I would like to have your opinion about certain things. At the moment I am trying to figure out the following:


1 -- Life:
- How is the cultural life over there?
We are currently living in the inland northwest, and as such it is pretty much a cultural desert compared to what I grew up with in France. Going to a larger city I'm hoping it will be a bit better regarding museums, operas/theater, etc...

- How is the day to day life compared to a large US/European city?

- How is it for women over there? 
I know this is kind of broad, but what I am wondering is that if yourself, or your wife had to change much of her routine when you moved, and if so, what changed.

- Does your spouse works over there?

- How did you and your spouse adapt to the new environment over there and how fast?

- How is public transportation? Is it efficient at all, or do you rely mostly on your own car?

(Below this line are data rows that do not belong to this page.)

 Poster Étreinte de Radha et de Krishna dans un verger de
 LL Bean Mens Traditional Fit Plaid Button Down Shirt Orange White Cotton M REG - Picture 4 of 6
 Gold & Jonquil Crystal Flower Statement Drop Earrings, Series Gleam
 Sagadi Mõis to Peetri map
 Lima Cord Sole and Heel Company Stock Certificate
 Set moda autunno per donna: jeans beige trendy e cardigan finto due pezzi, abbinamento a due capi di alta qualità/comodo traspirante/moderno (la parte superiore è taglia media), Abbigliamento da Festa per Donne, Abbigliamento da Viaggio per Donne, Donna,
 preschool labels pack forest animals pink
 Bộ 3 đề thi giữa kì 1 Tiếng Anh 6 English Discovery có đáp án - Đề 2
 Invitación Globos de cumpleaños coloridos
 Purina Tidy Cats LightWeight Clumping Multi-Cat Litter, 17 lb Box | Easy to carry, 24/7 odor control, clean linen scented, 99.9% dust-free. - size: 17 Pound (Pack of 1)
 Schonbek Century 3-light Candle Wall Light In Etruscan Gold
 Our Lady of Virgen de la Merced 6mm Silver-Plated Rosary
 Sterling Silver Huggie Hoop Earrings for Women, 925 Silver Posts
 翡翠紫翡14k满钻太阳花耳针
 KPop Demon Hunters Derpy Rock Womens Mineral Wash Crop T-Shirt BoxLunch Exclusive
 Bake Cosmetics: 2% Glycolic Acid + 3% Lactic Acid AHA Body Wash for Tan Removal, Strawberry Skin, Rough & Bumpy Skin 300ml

- Hobby-wise, what do you do over there after you've visited the town? 
What kind of activities does the town offer?
How expensive do you feel hobbies are compared to where you come from? 

- How is the international community? Do you mostly hang out with people from you own country, or is it a mix? What are your relations with the locals?


2 -- Cost:
- How is the cost of accommodation compared to a US (or a French) city? [or any western part of the world you have lived in]

- How is the cost of food?
I mean how much do you spend eating in for your and your couple/family on average every months?

- How expensive are most of the local restaurants on average?

-How is inflation? I heard that accommodation especially can increase or decrease significantly from a year to another.


3 -- Expat' package
I have read some info about people that posted what their proposed package was on this forum. But the issue is that I can hardly find any information regarding what would be acceptable for someone in my position: in house, from the US, and well under 30 yo.

Currently, between my wife and myself, we make close 140k USD before tax (60 for me, approx’ 80k for her w/ overtime). But our cost of living (accommodation, food, internet, phone, water, electricity, fuel and car insurance for 2 simple cars) is only around 30k. As such, we can save, and knock down our student loans very fast.
Unfortunately she may not be able to work in the UAE for various reasons, and I would then be the only breadwinner.

- I wonder what is the expectable salary for in-house lawyer over there? 
Any idea what it is for lawyers around 1 to 2 years of experience?

- What kind of benefits does your employer provides you for you and your family:
-- housing?
-- school for children? [not planning on kids, but I'd like to know]
-- spousal allowance?
-- car/fuel ?
-- flights home?
-- Any other?
-- How often are your expat benefits updated?

You might have seen this post in the dubai section, and that because until yesterday, I thought that it was where I was going. 
In actuality, it will be Manama.

I'll be very grateful for any info anyone could give me on this topic!
Thanks a lot, and Best!

- E.R.


----------



## wolff909 (Sep 8, 2015)

welcome and good luck!!


----------